This week, Mariano Rivera became the first pitcher to appear in 1,000 games with one team. Most people would probably agree that Mariano Rivera is the greatest relief pitcher that ever played the game.But, you can also make an argument that Mo was the greatest pitcher in recent history.
To see how Rivera ranks among all of his pitching peers, we need to come up with a way to statistically compare both relievers and starters. Not an easy task.
Even if we use a newer metric like Wins Above Replacement (WAR) which measures how many wins a player is worth, there is still a strong bias towards starting pitchers. Those guys work a lot more innings and therefore will rake up more WAR, which is a cumulative stat.
Here are the top 10 pitchers of the last 30+ years based on WAR and how Rivera compares to that group…
Rivera is all the way down in the low-60s behind guys like Tim Wakefield (no. 67) and Jon Lieber (no. 68). That doesn’t seem fair. Clearly he is a better pitcher than those guys.
What we need is a rate stat. There is ERA. And Rivera’s 2.22 career ERA certainly ranks among the best ever. But unfortunately, ERA tends to bias towards relief pitchers who often allow runs that are charged to other pitchers.
Instead, let’s scale WAR per 100 innings. That is, on average, how many wins is a pitcher worth for every 100 innings he has pitched? Now we have a stat where we can compare starters and relievers…
And what we see is that, Mariano Rivera has been worth more Wins per 100 innings than any other pitcher over the last 30 years.

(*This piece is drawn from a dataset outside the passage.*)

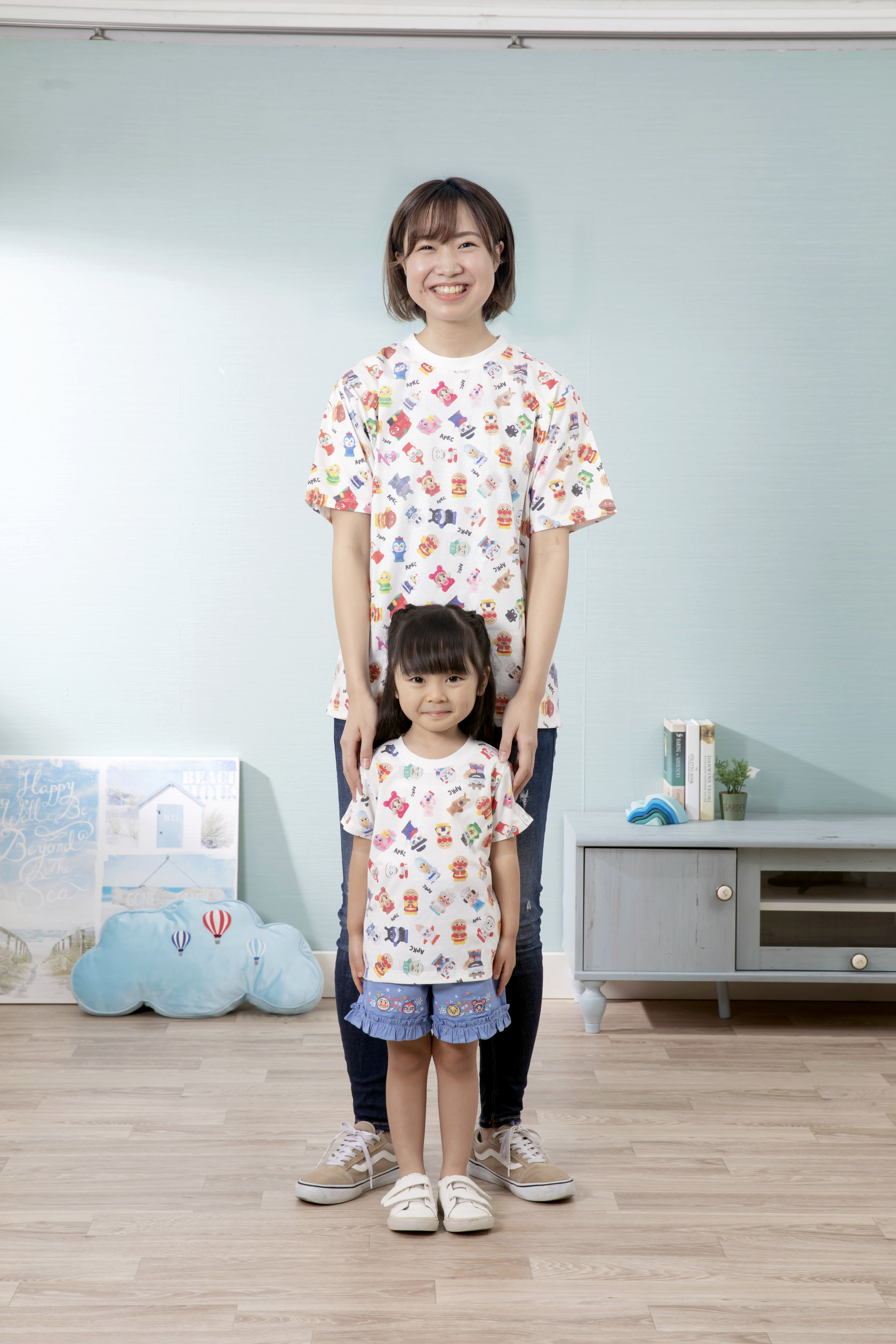 親子ペアで春を先取り アンパンマンの半袖tシャツコレクション登場 大人気食玩 あつまれアンパンマン とのコラボデザイン等 ノベルティプレゼントキャンペーンも開催 株式会社バンダイ アパレル事業部のプレスリリース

What is nice about this stat, is that there does not appear to be a bias towards starters or relievers. The WAR/100 for the top starters and the best reliever are comparable. However, like a lot of rate stats, there is some bias towards younger pitchers like Brandon Webb and Dan Haren. These guys haven’t yet experienced the statistical decline that typically occurs later in a player’s career.
As for Rivera, he hasn’t worked as much as those other guys, but when he does, he has been the most valuable pitcher in recent history.
Not bad for a guy that only has one pitch and has never won a Cy Young Award.